## Work order
Among the entries below, please show each line that carries the word "loading".

####

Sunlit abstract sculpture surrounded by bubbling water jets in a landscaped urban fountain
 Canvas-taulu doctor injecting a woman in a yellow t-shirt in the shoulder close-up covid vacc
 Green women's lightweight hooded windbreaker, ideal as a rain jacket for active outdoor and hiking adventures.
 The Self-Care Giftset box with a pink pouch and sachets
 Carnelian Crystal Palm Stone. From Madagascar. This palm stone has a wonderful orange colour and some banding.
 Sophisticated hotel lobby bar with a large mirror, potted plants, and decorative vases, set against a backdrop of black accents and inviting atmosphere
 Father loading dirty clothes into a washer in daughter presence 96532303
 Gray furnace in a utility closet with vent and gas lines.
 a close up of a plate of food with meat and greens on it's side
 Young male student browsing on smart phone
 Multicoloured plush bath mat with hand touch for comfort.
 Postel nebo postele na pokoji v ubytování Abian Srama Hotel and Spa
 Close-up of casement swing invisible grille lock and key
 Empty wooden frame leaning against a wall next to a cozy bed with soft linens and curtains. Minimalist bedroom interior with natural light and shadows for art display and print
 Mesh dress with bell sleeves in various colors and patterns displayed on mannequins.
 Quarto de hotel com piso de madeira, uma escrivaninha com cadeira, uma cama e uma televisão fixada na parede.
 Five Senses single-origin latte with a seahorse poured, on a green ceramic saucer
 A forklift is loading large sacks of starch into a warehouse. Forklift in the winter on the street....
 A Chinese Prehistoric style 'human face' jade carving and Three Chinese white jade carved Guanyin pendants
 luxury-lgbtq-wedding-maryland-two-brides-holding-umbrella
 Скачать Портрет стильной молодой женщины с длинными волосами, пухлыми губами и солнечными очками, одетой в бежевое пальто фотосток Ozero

####

## Response to the exercise
 Father loading dirty clothes into a washer in daughter presence 96532303
 A forklift is loading large sacks of starch into a warehouse. Forklift in the winter on the street....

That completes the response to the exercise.